The role of colours and flavours in a finished product

Colour has a major impact on the expectation of the flavour of a certain food or beverage. Rafael Bonache, marketing manager at Scentium, breaks down the important considerations when deciding on colour for a flavoured food product

Identifying a consumer’s way of thinking can help marketers design brands and products that use colours that are more attractive to the mindset of their target markets. To a certain extent, certain colours can even actively influence a person’s mood or attitude towards a product and can be vital in the final decision-making.

According to recent studies, almost 50% of low-effort purchasing decisions (i.e. buying a soft drink, two chocolate bars, or an ice cream) are made unconsciously, mainly because our brain responds to these situations before we can think about them. Nearby colours can also sometimes trigger incentives to buy these products.

The taste of a colour

When it comes to flavours for food and beverages, colours can play a key role in creating expectations from consumers. Colours often evoke specific associations with food. For instance, it is normal to think that green grapes are sweet and ripe, while a green orange is unripe or mouldy.

Besides being a visual factor to make something look appetising (or even influencing our digestion process by triggering salivation), how can colours influence the purchasing decision? In some cases, colours can play a role in providing additional information on the actual flavour of the item. In other cases, it can even help in positioning the product or defining its category. For example, the light white colour of a transparent bottle of milk could make you think that it is skimmed milk, and not a full-fat milk. The consumer would likely be unconsciously looking for a line on the packaging text under the brand name saying “skimmed” to strengthen this belief. But what if it read “white chocolate flavoured milk” instead? This is an example of how products can be managed successfully by retail product marketers. They would use packaging design tactics like adding a coloured background on the label or writing the flavour of the product in big bold letters on the front of the pack. However, in the case of some products that are traditionally retailed in transparent packaging (e.g., sauces, CSDs, baby savoury meals, sweet spreads, prepared meals, etc.), have no packaging at all, or that fall into the clean-label trend and are characterised by transparency and minimalism in packaging, the use of colours in the product plays an important role in purchasing decisions.

Flavours and colours: Make it or break it

At a fundamental level, food colours are usually linked to the palatability of the product. However, sometimes purchasing decisions are not based on this criterion, but rather on flavour curiosity. Here are three key questions to consider for colours when working on the development of a flavoured food product.

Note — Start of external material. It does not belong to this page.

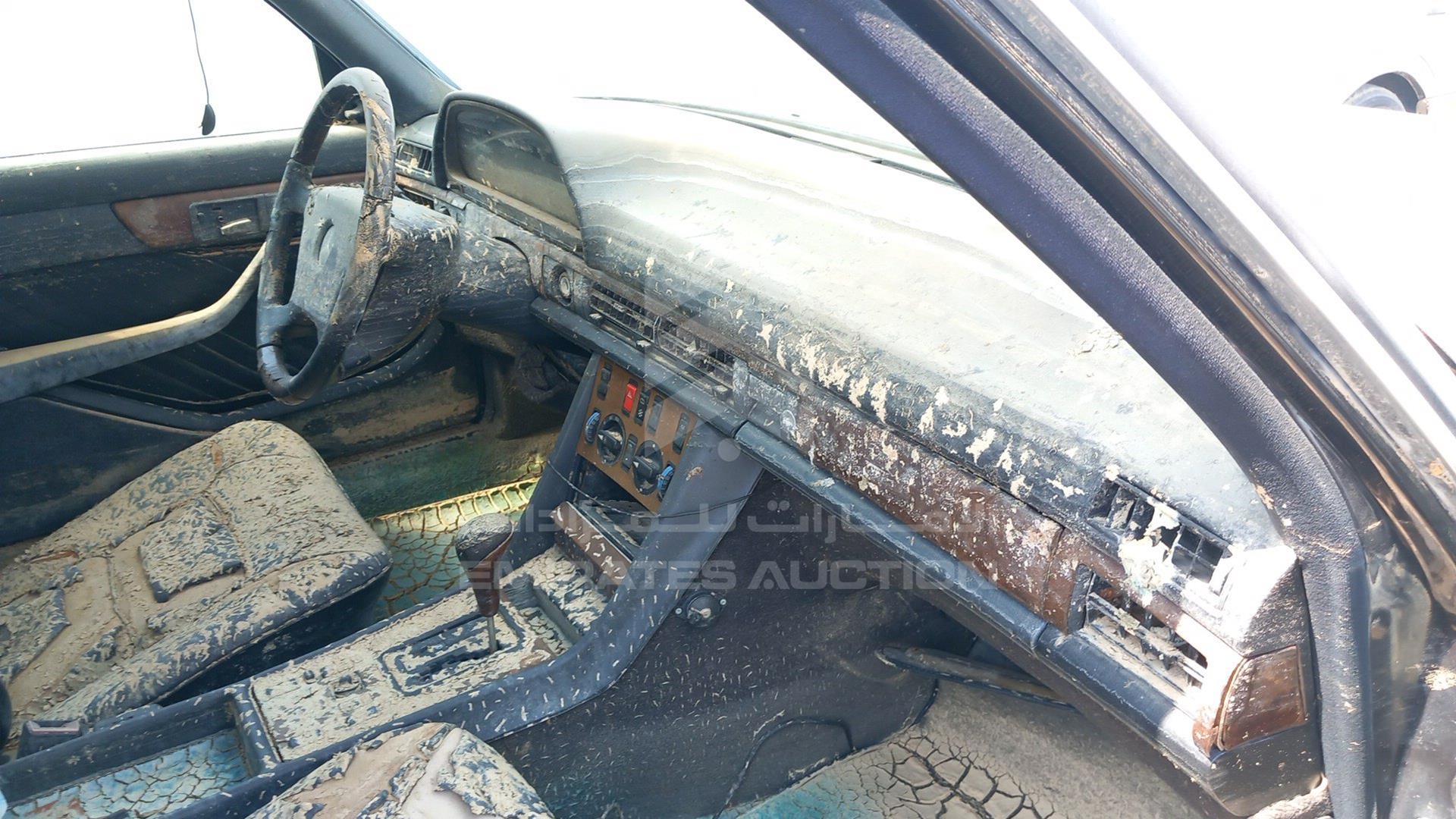 1990 MERCEDES --- VIN: WDB12603618545466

  • The novelty of the flavour, product or category – colour as barrier or driver

Make sure not to create any barrier of misinformation. The “boost” of first trial purchases is crucial to new food and beverage products. If the taste pleases a consumer on the first trial, it is more likely to result in customer loyalty. Therefore, any colour that is radically opposing a consumer’s standards or personal conception of food colours could have a negative impact on their purchasing decision, particularly in the basic food categories. On the other hand, when it comes to a new food product that is disrupting or indulgent, it might be good to use an unexpected colour. Early adopters could even find it more appealing. In 2017, the introduction of ruby chocolate with its characteristic pink colour contributed to its success and positioning. Ruby chocolate does bring a certain characteristic flavour from the ruby cocoa beans. However, due to its original colour, it mostly positioned itself as a new type of chocolate within the traditional options (black, with milk and white chocolate).

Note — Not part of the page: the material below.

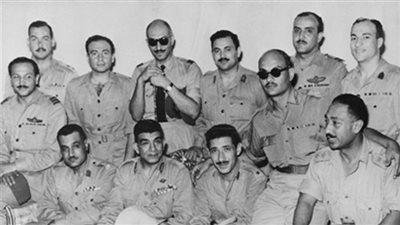 أنور السادات يكتب: هؤلاء زملائي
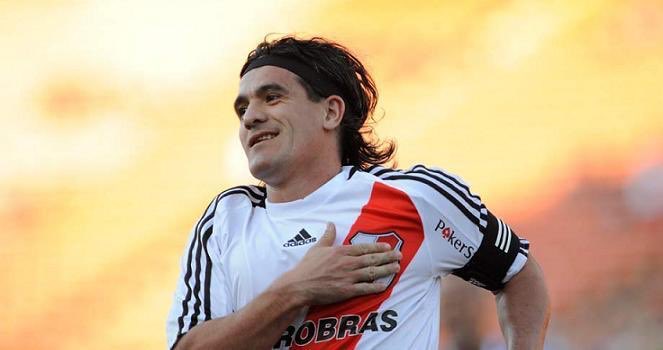 ¡Feliz Cumple, El Burrito!

The little magician Ariel Ortega turns 45 today! A very happy birthday to you?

  • The prototypicality of the category concept – information reinforcement

Products with colour attributes that are repeatedly observed within their category often end up creating standards within this category. An interesting case is the introduction of plant-based milks into the European market almost 10 years ago. The transition from dairy milk to plant-based drink consumption was, in some cases, driven by lactose intolerance, digestion wellness or more sustainable lifestyles. However, for some people, the prototypicality of the white colour in milk created a barrier for consumption. Why would “milk” look off-white or even brownish in the case of almond milk? Nowadays, regulations in Europe no longer allow for the use of the term “soy milk”. Companies must use the term “soy drink”. They must also use carton packaging in the category. This is pushing the colour of plant-based milks to the background in consumption decisions.

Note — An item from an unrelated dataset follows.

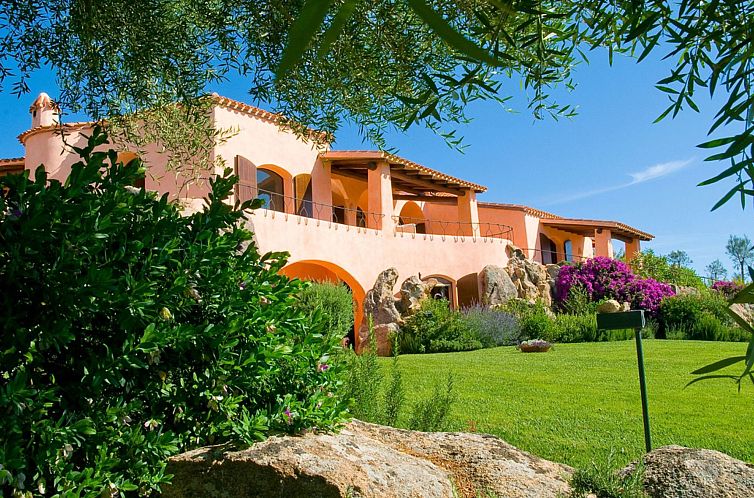 Vakantiehuis Villa Isabel, Meer- und Strandblick, Schwimmbad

  • Impulse purchase – the vivacity of colours in food products

A large number of consumers’ spontaneous purchases are related to the colour of food products. Some categories like ice creams, sodas or snacks stimulate your desires for indulgence, to quench your thirst or to satisfy your curiosity through colours. It is true that the smell of waffles when passing a street vendor is sometimes powerful enough to trigger an impulsive purchase. However, the colour of the waffles, the syrup and the toppings are what reinforce this impulse. Recent consumer research showed that consumers’ likeability of ice creams increased when they saw chunks of chocolate or cookie dough in it. This can easily be related to the fact that the vivacity of colours increases when the deep brown colour of chocolate pieces contrasts perfectly with the light brown colour of the ice cream.

What’s next?

As food categories evolve towards the use of natural ingredients and the reduction of food processing, the consideration of colour in food formulation is not expected to change dramatically in the upcoming years. The interference of historical prototypes and beliefs in mass consumption products is too strong to change consumers’ mindsets once they have been established through well-defined marketing techniques.